PROBLEM REQUIREMENTS: Transcribe the data below verbatim from the line with "a batman themed" to the line with "Grilled beef steak with rosemary and spices. On". Include both of those lines.

SOURCE INFORMATION:
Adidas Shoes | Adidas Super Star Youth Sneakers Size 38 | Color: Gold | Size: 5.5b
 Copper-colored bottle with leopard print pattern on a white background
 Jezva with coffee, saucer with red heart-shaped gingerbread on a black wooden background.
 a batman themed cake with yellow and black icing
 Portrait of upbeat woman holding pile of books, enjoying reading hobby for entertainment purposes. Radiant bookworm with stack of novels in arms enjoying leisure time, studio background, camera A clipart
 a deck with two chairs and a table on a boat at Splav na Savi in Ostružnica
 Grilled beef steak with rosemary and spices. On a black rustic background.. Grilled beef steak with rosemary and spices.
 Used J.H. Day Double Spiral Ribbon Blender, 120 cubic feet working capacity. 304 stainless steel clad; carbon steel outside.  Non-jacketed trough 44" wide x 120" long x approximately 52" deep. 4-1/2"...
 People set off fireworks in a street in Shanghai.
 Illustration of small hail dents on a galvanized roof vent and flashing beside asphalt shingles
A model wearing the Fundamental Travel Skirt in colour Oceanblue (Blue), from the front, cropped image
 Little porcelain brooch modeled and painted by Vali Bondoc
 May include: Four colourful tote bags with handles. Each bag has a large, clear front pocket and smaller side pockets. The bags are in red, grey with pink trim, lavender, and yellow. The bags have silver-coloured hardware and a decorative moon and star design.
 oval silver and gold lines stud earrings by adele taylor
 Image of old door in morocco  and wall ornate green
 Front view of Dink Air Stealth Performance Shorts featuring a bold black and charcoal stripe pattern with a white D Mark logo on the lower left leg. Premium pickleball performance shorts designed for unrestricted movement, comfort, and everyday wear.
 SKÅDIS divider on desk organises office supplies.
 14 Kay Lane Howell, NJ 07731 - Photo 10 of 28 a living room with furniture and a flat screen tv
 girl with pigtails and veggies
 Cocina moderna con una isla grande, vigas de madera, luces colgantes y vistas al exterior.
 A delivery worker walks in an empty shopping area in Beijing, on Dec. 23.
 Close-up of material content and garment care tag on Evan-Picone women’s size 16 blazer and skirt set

PROBLEM SOLUTION:
 a batman themed cake with yellow and black icing
 Portrait of upbeat woman holding pile of books, enjoying reading hobby for entertainment purposes. Radiant bookworm with stack of novels in arms enjoying leisure time, studio background, camera A clipart
 a deck with two chairs and a table on a boat at Splav na Savi in Ostružnica
 Grilled beef steak with rosemary and spices. On a black rustic background.. Grilled beef steak with rosemary and spices.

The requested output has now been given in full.